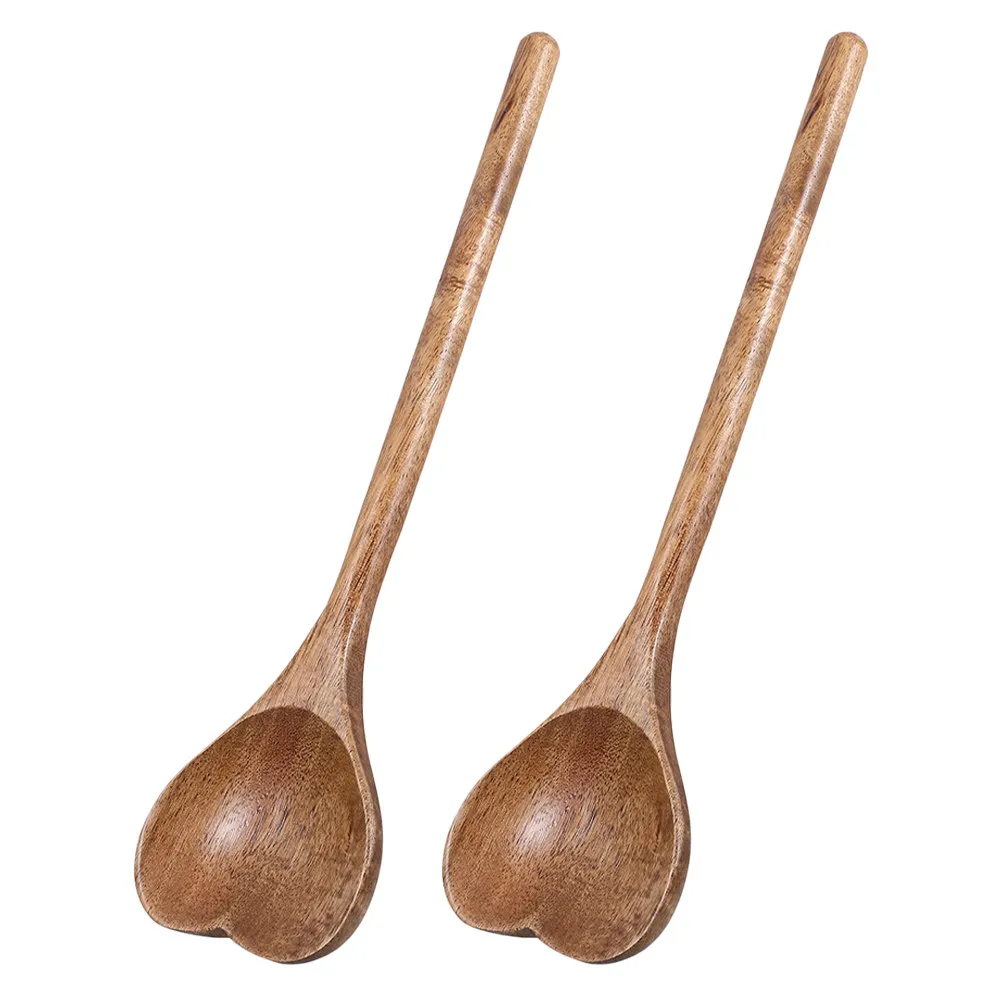 2 шт. деревянные ложки в форме сердца, многофункциональные, для перемешивания, сервировки и смешивания, с длинной ручкой, кухонные принадлежности, ложки для кофе и десертов
2 шт. деревянные ложки в форме сердца, многофункциональные, для перемешивания, сервировки и смешивания, с длинной ручкой, кухонные принадлежности, ложки для кофе и десертов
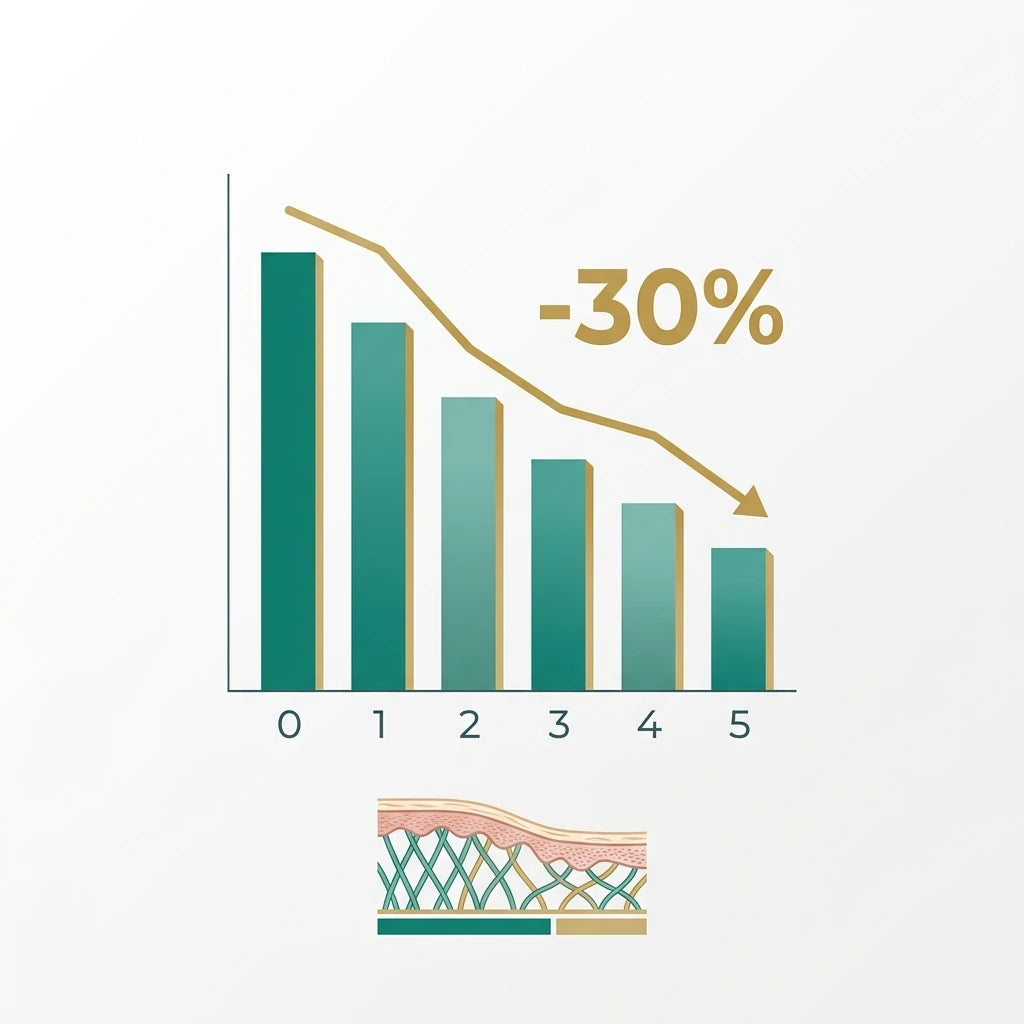 1. Губите 30% от колагена си за 5 години след менопаузата
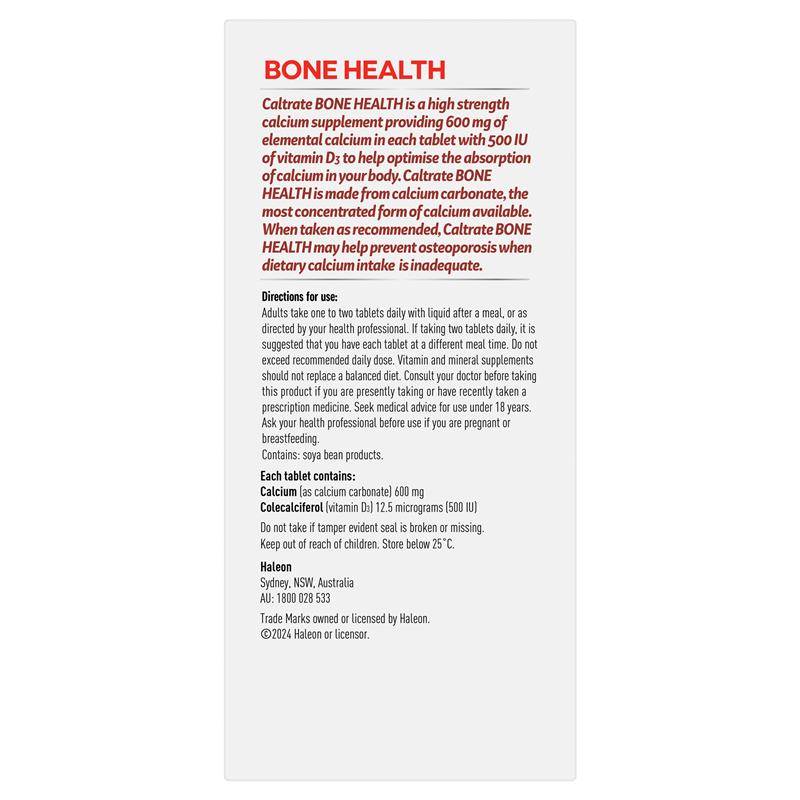 Load image into Gallery viewer, Caltrate Bone Health 100 Tablets
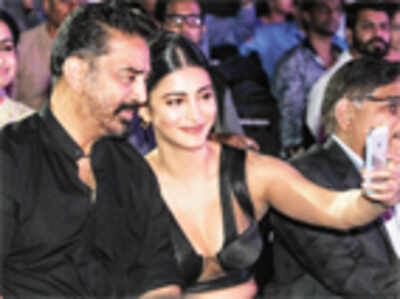 Kamal and Shruti Haasan will share screen space soon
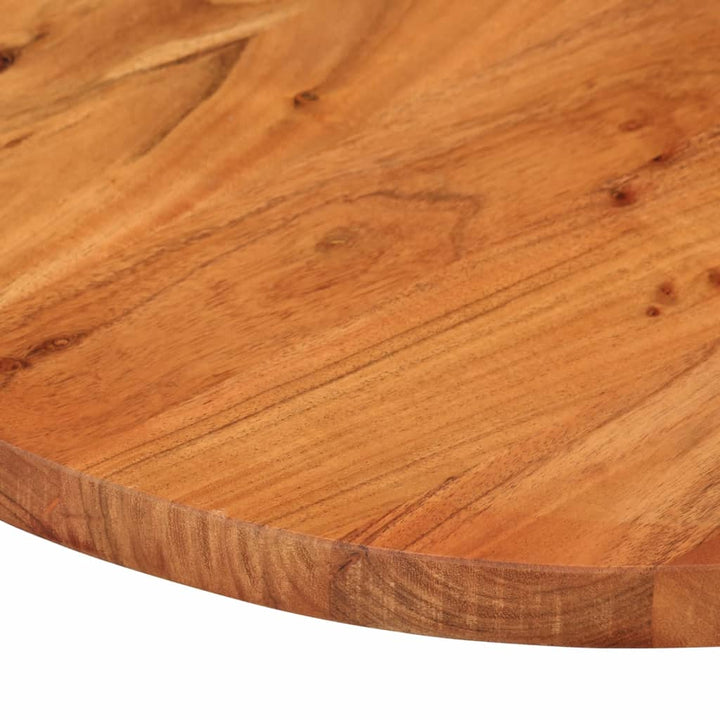 bordplade 110x40x3,8 cm oval massivt akacietræ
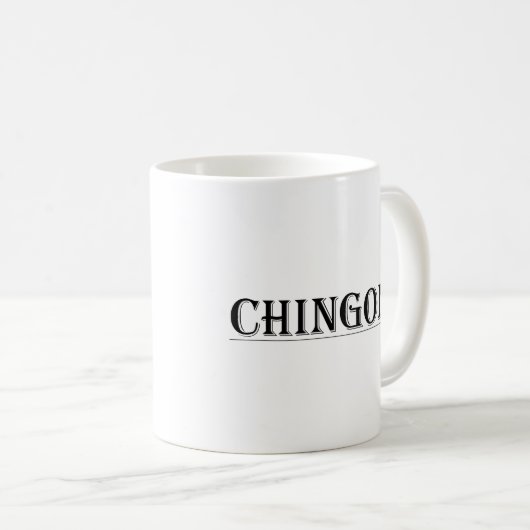 CHINGONA コーヒーマグカップ (正面右)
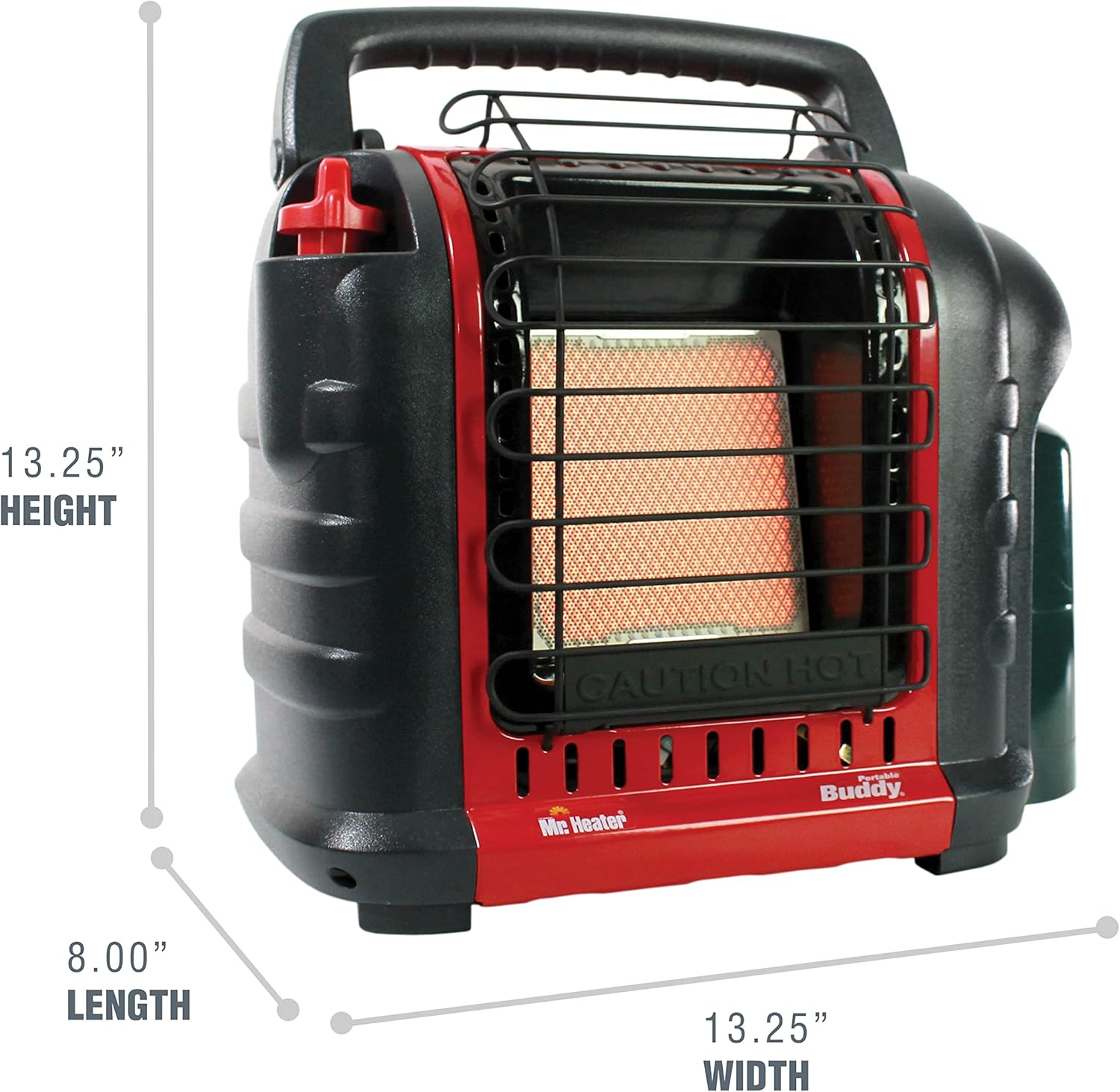 Mr Heater Portable Buddy Heater MH9BX 4000-9000 BTU Propane Radiant Heater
◇ ◇ ◇
[Task to complete] Return the lines from the one containing "CHINGONA コーヒーマグカップ (正面右)" through the last line of the records, both included, exactly as written and with no pictures.

[Response to the task]
 CHINGONA コーヒーマグカップ (正面右)
 Mr Heater Portable Buddy Heater MH9BX 4000-9000 BTU Propane Radiant Heater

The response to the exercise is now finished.